From the records that follow, copy every line in which "Electric" appears.

[MATERIAL FOR THIS TASK — start]

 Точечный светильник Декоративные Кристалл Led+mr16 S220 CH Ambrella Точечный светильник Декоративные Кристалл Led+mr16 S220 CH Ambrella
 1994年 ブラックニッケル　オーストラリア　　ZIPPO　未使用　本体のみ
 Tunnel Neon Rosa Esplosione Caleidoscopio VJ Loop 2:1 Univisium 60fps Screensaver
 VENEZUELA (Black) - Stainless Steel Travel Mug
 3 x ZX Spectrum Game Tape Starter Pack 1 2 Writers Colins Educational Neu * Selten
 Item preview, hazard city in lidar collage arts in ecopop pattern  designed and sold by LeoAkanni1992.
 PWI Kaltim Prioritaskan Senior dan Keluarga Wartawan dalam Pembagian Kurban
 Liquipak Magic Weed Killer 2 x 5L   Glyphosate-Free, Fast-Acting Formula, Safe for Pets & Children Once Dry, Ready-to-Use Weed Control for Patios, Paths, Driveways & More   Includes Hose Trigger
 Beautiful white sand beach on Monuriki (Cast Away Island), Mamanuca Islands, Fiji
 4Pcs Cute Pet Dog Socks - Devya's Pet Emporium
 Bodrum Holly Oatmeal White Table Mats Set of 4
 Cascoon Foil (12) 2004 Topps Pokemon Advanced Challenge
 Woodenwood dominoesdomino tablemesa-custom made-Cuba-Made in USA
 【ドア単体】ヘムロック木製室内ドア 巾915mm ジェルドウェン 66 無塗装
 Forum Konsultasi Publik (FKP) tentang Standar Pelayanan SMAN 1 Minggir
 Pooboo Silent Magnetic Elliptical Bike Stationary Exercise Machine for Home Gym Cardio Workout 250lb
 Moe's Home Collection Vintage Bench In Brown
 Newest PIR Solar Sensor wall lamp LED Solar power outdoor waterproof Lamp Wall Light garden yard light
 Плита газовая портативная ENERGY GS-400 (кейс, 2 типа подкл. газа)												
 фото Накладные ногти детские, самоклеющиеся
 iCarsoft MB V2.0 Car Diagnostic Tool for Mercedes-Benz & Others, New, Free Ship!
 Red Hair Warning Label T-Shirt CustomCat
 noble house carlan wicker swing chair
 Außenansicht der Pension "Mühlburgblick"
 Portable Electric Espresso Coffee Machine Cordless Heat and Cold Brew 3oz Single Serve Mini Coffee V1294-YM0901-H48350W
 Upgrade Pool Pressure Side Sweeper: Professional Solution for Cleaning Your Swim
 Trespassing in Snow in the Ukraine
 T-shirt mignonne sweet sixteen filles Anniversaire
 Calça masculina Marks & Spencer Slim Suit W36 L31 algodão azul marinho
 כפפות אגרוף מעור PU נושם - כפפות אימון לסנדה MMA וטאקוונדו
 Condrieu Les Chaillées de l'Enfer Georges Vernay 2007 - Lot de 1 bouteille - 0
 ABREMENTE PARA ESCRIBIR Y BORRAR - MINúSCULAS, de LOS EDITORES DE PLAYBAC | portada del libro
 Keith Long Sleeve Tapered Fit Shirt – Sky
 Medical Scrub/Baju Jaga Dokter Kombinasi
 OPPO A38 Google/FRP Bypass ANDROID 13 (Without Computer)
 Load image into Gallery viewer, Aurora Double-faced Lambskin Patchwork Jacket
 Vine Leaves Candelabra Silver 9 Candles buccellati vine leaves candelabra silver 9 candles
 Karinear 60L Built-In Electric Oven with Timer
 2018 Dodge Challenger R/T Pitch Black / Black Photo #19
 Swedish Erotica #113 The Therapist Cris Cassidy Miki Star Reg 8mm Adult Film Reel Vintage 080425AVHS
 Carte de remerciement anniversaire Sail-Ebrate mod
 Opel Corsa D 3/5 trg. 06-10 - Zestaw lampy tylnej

[MATERIAL FOR THIS TASK — finish]

> _WRITTEN ANSWER_
 Portable Electric Espresso Coffee Machine Cordless Heat and Cold Brew 3oz Single Serve Mini Coffee V1294-YM0901-H48350W
 Karinear 60L Built-In Electric Oven with Timer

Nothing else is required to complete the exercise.